* **To do**:
Output only the lines below from the one containing "İlkadım Liman Mahallesinde" to the one containing "Bupati Sumba Timur", exactly as written, both ends kept.

* **Excerpted records**:
═══

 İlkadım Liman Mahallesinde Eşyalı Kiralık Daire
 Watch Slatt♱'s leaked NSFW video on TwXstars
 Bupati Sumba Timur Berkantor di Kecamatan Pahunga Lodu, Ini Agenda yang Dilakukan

═══

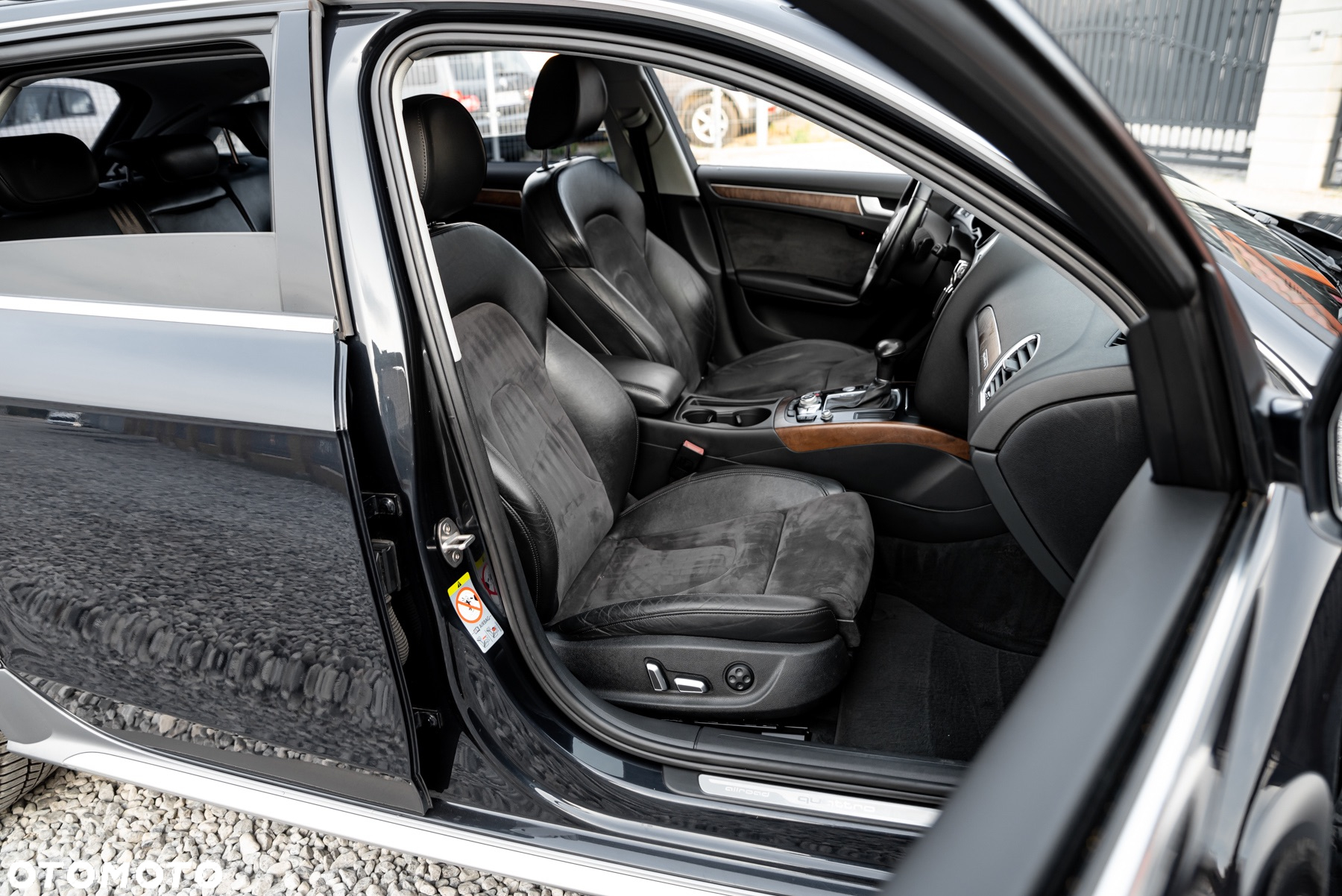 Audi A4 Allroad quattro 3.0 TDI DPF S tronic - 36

═══

* **Written reply**:
 İlkadım Liman Mahallesinde Eşyalı Kiralık Daire
 Watch Slatt♱'s leaked NSFW video on TwXstars
 Bupati Sumba Timur Berkantor di Kecamatan Pahunga Lodu, Ini Agenda yang Dilakukan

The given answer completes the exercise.